従来は女子チームのみが活動していた。1984年に発足し、かつては県内敵なしの強さを誇って全国大会に出場した時期も。数年前からは男子チームも始動し、ともに松本市島立小体育館を拠点に練習を積んでいる。女子の山岸明日香主将は「先輩後輩に関係なく話ができることがチームの関係を良くすることにもつながっている」男子の神永滉毅主将も「いろいろなチームの体験に参加したけど、ここは選手もコーチもみんな優しかったので入団した」と振り返る。
そうした雰囲気が生まれる根源は、高山代表のスタンスにある。「自分の考えを押し付けたり型にはめたりするのではなく、子どもの個性をチームに生かしたい。『はい』と返事をすることは大事だと思うけれど、何でもかんでも『はい』ではないと思う。『はい』と素直に言えない時は、言えない理由がある。そういったことも含めて、自分の思ったことを言えるようになって卒団してほしい」と力を込める。
男子の伊藤雄介監督も「技術を教えることも必要だが、どちらかというと中、高、大と続けたいと思ってもらえるよう、バレーボールが楽しいという気持ちを持続できるような指導を心掛けている。自分もバレーボールを通じていろいろな人と出会い、人生が豊かになった。子どもたちにとってもバレーボールが同じような存在になってほしい」と広い視野で指導に当たる。

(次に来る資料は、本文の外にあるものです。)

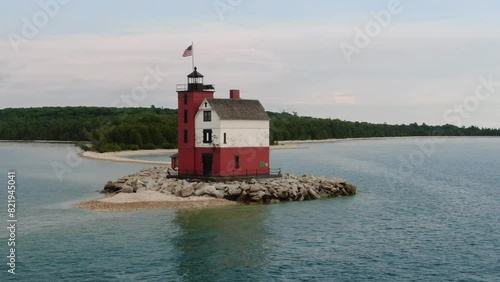 Drone rotating view over lighthouse with USA flag near Mackinac island at sunset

必ずしも結果だけにこだわるわけではないものの、やはり目の前の試合には勝ちたいものだ。全日本小学生大会は女子が松塩木曽ブロック大会を制して中信地区大会も準優勝。県大会に出場し、ベスト8で大会を終えた。男子は懸命にボールに食らいついたものの、中信地区大会の初戦で敗退。この大会では男子の松本ヴィガフェニックスが優勝して8月の全国大会に出場した。
3月の長野米カップでスタートしたシーズンも、10月のマルニシカップで一区切り。女子の山岸主将は「県大会でできるだけ上位に食い込み、優勝を目指したい」と話し、男子の神永主将も「ブロック大会と中南信大会を勝ち抜いて県大会に進みたい」と意気込みを話している。
女子 山岸 明日香 主将
ミスをしても立ち直れたり、チームが崩れかけた時に声を掛けられたりと、バレーボールを通じてメンタルが強くなったと感じています。キャプテンとしては、去年のキャプテンが性格も年齢も違うチームメイトを懸命にまとめようとする姿を見て、自分もそうなりたいと思い頑張りました。
男子 神永 滉毅 主将
レシーブが得意で、特に強いボールをレシーブできた時はスカッとして気持ちがいいです。キャプテンとしてチームをまとめるために強すぎない言葉づかいや、伝わる言葉選びが必要で最初は苦労しましたが、良い経験になりました。中学校でもバレーボールを続けたいと思っています。